Lisa Jelliffe and Alex OxleyEXPAND
Lisa Jelliffe and Alex Oxley
Ben Cope

How Fleetmac Wood Brought Fleetwood Mac Back to the Club Kids

Throughout their nearly 50-year history, Fleetwood Mac have played hundreds of shows around the world. But there's one place they have never played: Burning Man. So a pair of U.K. DJs/producers decided to bring the spirit of the ubiquitous classic rock outfit to the far-out festival in the desert. 

Alex Oxley and Lisa Jelliffe are the masterminds behind Fleetmac Wood, a touring Fleetwood Mac–themed party featuring dance-floor edits of the classic act's catalog. Attendees are encouraged to dress up for the events, and Jelliffe says that "both women and men have arrived dressed as Stevie." Past themes have included Gold Dust Disco and Running in the Shadows. As Fleetwood Mac have experienced a popularity surge among the young and the fashionable during the last few years, so too has Fleetmac Wood taken off in cities around the world. 

Jelliffe performs under the name Roxanne Roll and says they were inspired to organize the first party when she found that the crowd response during her sets was especially huge whenever she dropped Fleetwood Mac. Jelliffe felt the fervor could be harnessed into a stand-alone party, and she was right.

Oxley and Jelliffe have worked in various realms of the music and advertising industries, and they hosted the first Fleetmac Wood in 2012 in a "sweaty and suitably hedonistic" basement club in London. In the years since, they have brought shimmering Mac remixes to England's mighty Glastonbury Festival (where they've hosted Fleetmac Wood four times), Australia and throughout the United States.  Los Angeles' first Fleetmac Wood party was held at the Short Stop in Echo Park; it garnered more than 650 RSVPs and created a line down Sunset. 

The married duo has since relocated to L.A. They live in Laurel Canyon, in a house just down the street from a place Mick Fleetwood used to own. They also throw a party called Kaftan Discotheque at the downtown Ace Hotel. 

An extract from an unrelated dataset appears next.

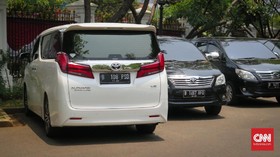 Melihat Pajak Mobil Alphard yang Sering Dipakai Prabowo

This Friday, June 10, the fifth L.A. incarnation of Fleetmac Wood kicks off downtown at the Regent Theater. The theme is Crystal Visions, and audience members are encouraged to wear their finest fringe, vests, gypsy vestments and top hats. 

Oxley and Jelliffe mix live at the events. They incorporate tracks procured from Soundcloud's thriving Fleetwood Mac remix community as well as exclusive remixes from other producers, their own Mac edits and original tracks. They welcome producers to pass them new Fleetwood Mac remixes for consideration for the next party, and while they mention that audiences go wild for classics like "The Chain" and "Dreams," the intention of Fleetmac Wood is to illuminate the richness of the vast Mac discography. 

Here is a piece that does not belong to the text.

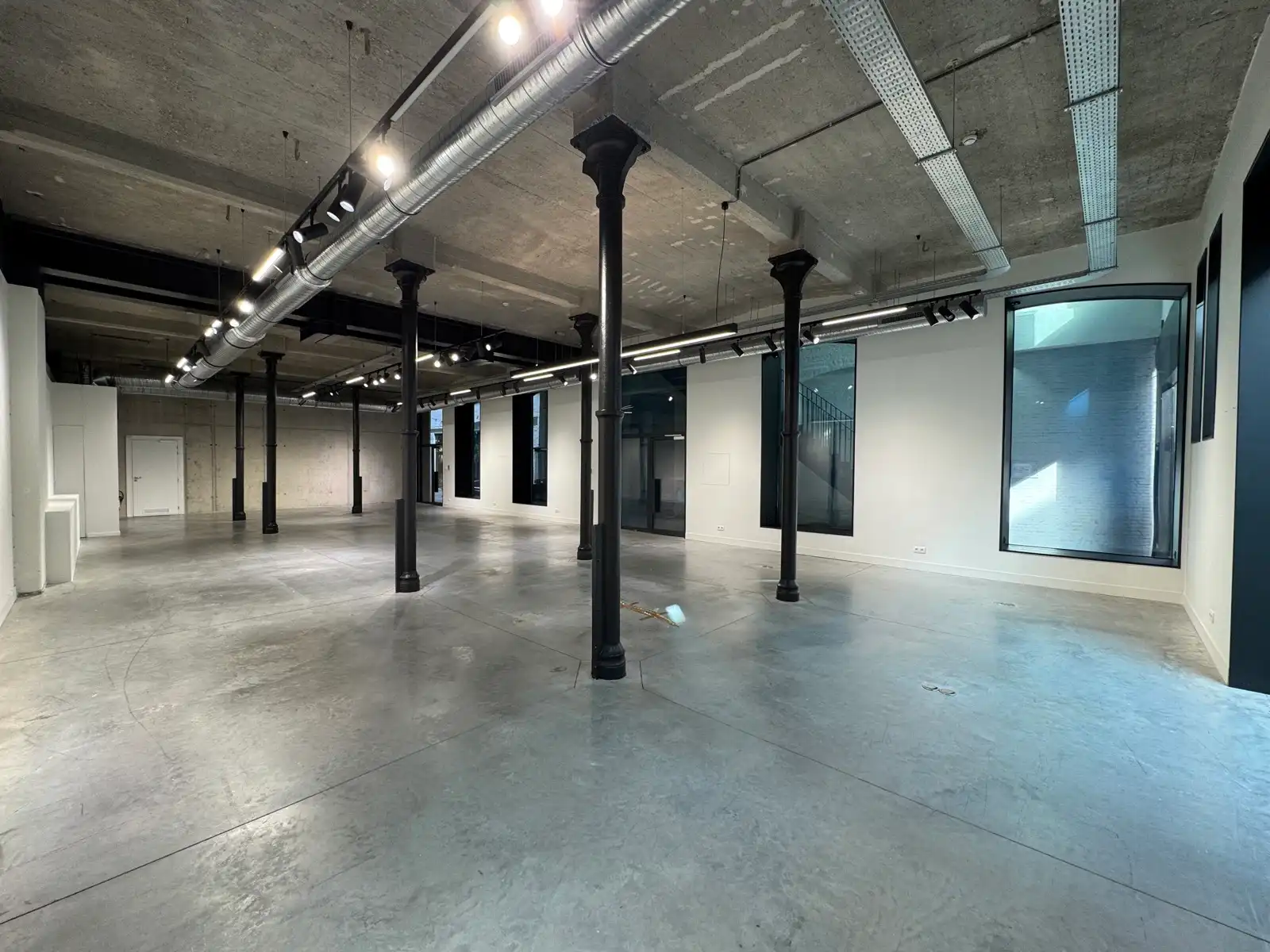 Industriële showroom in hartje Antwerpen foto 8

“I wanted to make it more than just playing their greatest hits,” Jelliffe says, “and instead get deep into the back catalog and add a club context to it. The originals stand tall as the best, but it’s fun to hear the music we love in a new way.” 

Lisa Jelliffe and Alex OxleyEXPAND
Lisa Jelliffe and Alex Oxley
Ben Cope

Fleetmac Wood parties incorporate everything from the band's early Peter Green–era output to far more recent music, and Oxley and Jelliffe say the band's catalog is so robust that they're even still discovering new Fleetwood Mac material. They note that the London crowd is most into the late-’80s Tango in the Night phase, while Australia prefers Steve Nicks’ early-’80s solo work and L.A. goes hardest for Rumours, which was recorded up the coast in Sausalito during what was arguably the band's most hedonistic era.  

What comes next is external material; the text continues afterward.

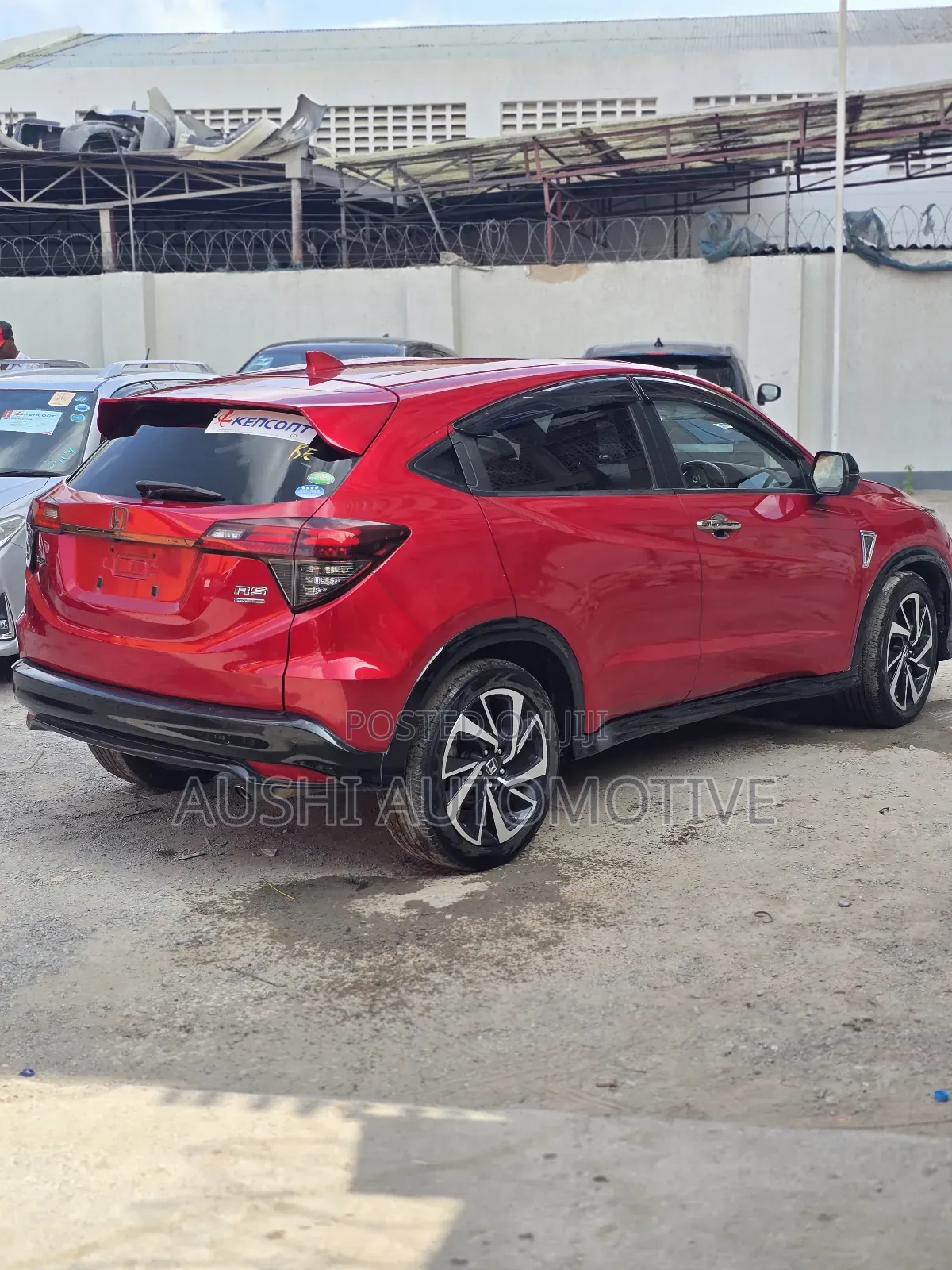 Honda Vezel 1.5 Hybrid 2WD 2020 Red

As for why Fleetwood Mac are so fashionable among young clubbers, Jelliffe theorizes that it has to do with the band’s authenticity, air of mystery and sense of romance. They're all factors that often feel stripped away from many modern bands, who overshare their lives on social media. What's definitely true is that the Mac catalog is cluttered with hits that many of us grew up listening to and thus pack more of an emotional punch than many disposable club tracks. 

“People have such strong memories with this music, with their families, their parents, breakups,” says Jelliffe. “It’s great to be able to let go and get a little emotional in a club environment where you can dance and get lost in a song. I think it’s a very joyful experience for people, and a very cathartic one, too.”

Fleetmac Wood is also one of the few dance parties in town that attendees can confidently bring their parents to, and many have. Oxley notes that there have also been two "successful" marriage proposals at Fleetmac Wood parties, and that many people who initially came alone have made long-lasting friends at the parties. 

“It’s not about us; it’s about the music, the audience and how the audience is celebrating, letting go and connecting with one another," Oxley says. "That’s why we keep putting them on.”

Fleetmac Wood gets nostalgic Friday, June 10, at the Regent Theater.